Una historia breve a la que no le cambiaría nada porque para mí es ✨perfecta ✨ donde Hilda Bustamante, un año después de morir, resucita. Con los mismos 79 años y apariencia que tenía el día que falleció (de lo que ella no tiene consciencia).
Tras entender lo ocurrido, volverá a casa para la evidente estupefacción de su marido y su nieta. ¿Qué tal asumirán sus amigas su regreso?
Bueno, lo dicho una historia deliciosa de la que solo me oiréis decir cosas buenas. Un libro donde he adorado a todos y cada uno de los personajes, absolutamente encantadores y reales, desde los ancianos, a los niños.
He adorado a Álvaro, esposo de Hilda, pero qué deciros de Las Devotas, las amigas, quienes llevaban al más puro estilo Las Chicas de Oro media vida pasando las tardes juntas y quienes, han seguido regando las plantas Hilda y velando por el bienestar de todos los que ella quería.

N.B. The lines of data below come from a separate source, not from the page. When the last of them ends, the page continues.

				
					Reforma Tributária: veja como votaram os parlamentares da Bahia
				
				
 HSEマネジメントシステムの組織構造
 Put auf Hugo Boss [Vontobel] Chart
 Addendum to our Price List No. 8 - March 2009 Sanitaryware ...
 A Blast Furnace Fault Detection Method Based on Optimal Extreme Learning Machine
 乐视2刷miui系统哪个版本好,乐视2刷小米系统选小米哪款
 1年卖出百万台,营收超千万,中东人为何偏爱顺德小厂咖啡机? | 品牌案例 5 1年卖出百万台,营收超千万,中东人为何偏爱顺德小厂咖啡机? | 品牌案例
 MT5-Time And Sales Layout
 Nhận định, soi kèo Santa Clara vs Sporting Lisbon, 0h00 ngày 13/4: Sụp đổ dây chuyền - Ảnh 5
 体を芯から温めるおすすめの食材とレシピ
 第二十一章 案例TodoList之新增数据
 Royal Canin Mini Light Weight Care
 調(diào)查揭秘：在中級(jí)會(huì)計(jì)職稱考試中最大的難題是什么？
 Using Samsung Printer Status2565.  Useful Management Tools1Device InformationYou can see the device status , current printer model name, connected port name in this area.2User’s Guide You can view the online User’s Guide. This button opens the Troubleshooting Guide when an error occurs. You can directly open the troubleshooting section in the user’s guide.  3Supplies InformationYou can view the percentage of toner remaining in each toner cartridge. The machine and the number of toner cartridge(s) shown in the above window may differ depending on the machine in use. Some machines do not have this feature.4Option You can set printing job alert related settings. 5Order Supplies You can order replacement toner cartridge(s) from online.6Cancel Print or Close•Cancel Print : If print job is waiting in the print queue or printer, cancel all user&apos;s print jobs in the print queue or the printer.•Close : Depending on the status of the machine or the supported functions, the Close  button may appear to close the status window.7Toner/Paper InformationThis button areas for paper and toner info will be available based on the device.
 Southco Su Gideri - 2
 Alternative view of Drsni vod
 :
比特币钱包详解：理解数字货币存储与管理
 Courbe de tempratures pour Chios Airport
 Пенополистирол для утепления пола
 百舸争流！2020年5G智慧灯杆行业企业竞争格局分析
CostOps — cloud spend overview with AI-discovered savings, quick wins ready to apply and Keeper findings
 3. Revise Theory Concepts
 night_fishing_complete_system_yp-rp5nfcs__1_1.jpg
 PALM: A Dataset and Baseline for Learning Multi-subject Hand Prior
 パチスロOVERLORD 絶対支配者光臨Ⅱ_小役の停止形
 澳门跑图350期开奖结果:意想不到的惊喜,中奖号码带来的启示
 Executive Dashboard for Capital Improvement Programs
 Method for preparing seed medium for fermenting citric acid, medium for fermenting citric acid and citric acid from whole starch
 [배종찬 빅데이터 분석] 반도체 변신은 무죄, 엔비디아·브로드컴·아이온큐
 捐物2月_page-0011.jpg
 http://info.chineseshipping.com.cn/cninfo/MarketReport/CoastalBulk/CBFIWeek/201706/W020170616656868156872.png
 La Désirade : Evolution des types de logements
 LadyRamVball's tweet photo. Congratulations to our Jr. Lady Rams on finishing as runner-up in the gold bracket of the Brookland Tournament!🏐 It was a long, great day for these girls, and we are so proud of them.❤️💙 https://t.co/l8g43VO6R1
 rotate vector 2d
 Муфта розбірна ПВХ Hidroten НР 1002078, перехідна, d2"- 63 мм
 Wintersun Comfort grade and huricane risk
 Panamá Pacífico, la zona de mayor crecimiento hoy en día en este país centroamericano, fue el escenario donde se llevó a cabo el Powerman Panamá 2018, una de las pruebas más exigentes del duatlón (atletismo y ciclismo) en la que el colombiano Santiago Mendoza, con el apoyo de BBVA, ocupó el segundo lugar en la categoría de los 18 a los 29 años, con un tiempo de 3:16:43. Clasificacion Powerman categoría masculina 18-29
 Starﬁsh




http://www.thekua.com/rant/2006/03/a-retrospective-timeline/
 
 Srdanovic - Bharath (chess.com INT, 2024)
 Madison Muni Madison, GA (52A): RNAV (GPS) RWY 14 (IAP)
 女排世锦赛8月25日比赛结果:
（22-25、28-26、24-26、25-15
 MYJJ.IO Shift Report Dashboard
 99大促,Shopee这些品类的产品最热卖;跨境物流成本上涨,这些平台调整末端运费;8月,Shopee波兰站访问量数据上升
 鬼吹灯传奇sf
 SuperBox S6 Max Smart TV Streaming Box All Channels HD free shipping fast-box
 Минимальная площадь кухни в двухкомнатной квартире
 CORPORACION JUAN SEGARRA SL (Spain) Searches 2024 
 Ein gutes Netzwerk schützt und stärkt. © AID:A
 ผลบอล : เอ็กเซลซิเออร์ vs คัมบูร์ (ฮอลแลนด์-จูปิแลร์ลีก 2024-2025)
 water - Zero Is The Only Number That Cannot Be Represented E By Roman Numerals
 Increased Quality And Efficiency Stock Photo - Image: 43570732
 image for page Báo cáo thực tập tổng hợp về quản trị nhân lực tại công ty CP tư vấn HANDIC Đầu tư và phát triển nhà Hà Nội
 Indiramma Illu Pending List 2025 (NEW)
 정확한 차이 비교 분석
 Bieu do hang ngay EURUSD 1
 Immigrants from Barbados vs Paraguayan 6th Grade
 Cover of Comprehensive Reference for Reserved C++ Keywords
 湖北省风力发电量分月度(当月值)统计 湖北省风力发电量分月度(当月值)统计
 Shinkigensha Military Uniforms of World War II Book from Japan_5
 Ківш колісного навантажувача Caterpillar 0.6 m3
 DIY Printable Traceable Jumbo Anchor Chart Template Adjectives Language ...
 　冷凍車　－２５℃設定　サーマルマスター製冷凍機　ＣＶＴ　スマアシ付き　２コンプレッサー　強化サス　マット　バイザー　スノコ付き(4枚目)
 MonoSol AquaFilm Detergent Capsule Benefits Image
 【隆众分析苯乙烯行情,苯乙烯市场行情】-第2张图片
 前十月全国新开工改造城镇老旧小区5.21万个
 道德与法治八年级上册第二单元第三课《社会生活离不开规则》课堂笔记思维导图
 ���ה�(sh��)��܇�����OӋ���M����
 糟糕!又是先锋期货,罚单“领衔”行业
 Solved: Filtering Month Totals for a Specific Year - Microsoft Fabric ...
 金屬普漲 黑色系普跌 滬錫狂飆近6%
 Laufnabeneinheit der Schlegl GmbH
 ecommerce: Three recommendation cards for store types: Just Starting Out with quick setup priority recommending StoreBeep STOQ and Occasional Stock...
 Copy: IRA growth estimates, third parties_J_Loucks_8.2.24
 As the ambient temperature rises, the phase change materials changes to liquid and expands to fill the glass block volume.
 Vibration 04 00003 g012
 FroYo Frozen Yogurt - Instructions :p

Una oda a la familia, a cómo esta transciende a los lazos de sangre; a la amistad, al amor. Pero también a la comunidad, a las redes de apoyo entre personas, vecinos. Me ha encantado como a pesar de las muchas referencias religiosas (algunas icónicas e inolvidables), titulo incluido, la novela va por otro lado, por ese sostén social.
En menos de 170 páginas visitamos una vida compartida, una vida normal, sin idealizar y quizá por eso, te llega tanto porque sientes que podría pasar. También una muerte, un regreso y algo más. Nos acercamos a los momentos que vistos en perspectiva “lo cambiaron todo”, para bien y para mal. Una historia que habla con mayor de las sensibilidades y certezas del dolor de la maternidad deseada pero que no sucede; de la culpa por el daño cometido, aunque las intenciones fueran buenas.
Un libro de personas discretas pero extraordinarias, que hacen la vida mejor de quienes les rodean. Una historia luminosa, preciosa y emotiva, sin dejar de ser muy divertida y sin caer en lo cursi ni una página. Sin duda sobre la pérdida y el duelo, pero esperanzador, que lees como si te abrazara, porque a quién no le hubiera gustado que alguien tuviera una segunda venida, aunque fuera un ratito. Aunque te deja con la pregunta de si merecería la pena…
Te quiero, mamá Hilda. Os quiero Devotas. Te quiero, Álvaro. Abrazos a Genaro. pero el más grande para Amelia.
Aviso: no hay zombis, ni explicaciones de por qué y cómo. Sucede y ya, disfruta que ha ocurrido y no pienses demasiado.